▶ **Exercise**
The copy must match the data below line for line and contain no images.

Supplied information START

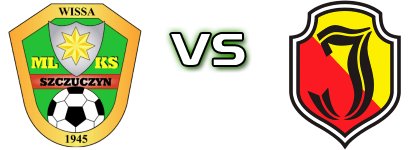 Wissa Szczuczyn - Jagiellonia II Białystok Statistiche e dettagli partita Wissa Szczuczyn - Jagiellonia II Białystok Statistiche e dettagli partita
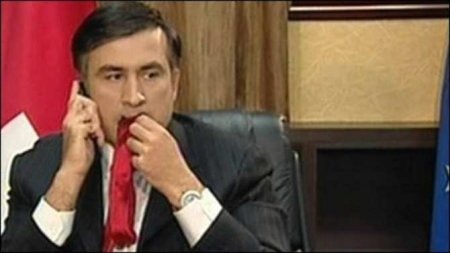 «Это Клондайк»: Саакашвили предложил Украине оригинальную стратегию выхода из кризиса
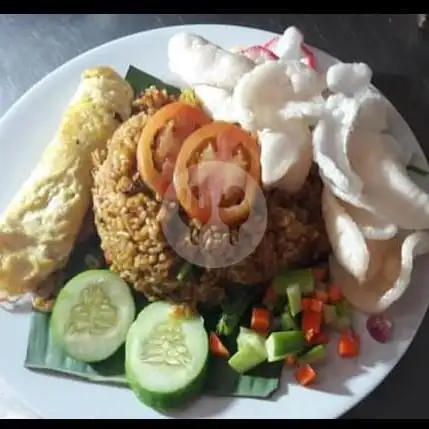 Gambar Makanan Nasi Goreng Raja Rasa 7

Supplied information END

▶ **Expected output**
 Wissa Szczuczyn - Jagiellonia II Białystok Statistiche e dettagli partita Wissa Szczuczyn - Jagiellonia II Białystok Statistiche e dettagli partita
 «Это Клондайк»: Саакашвили предложил Украине оригинальную стратегию выхода из кризиса
 Gambar Makanan Nasi Goreng Raja Rasa 7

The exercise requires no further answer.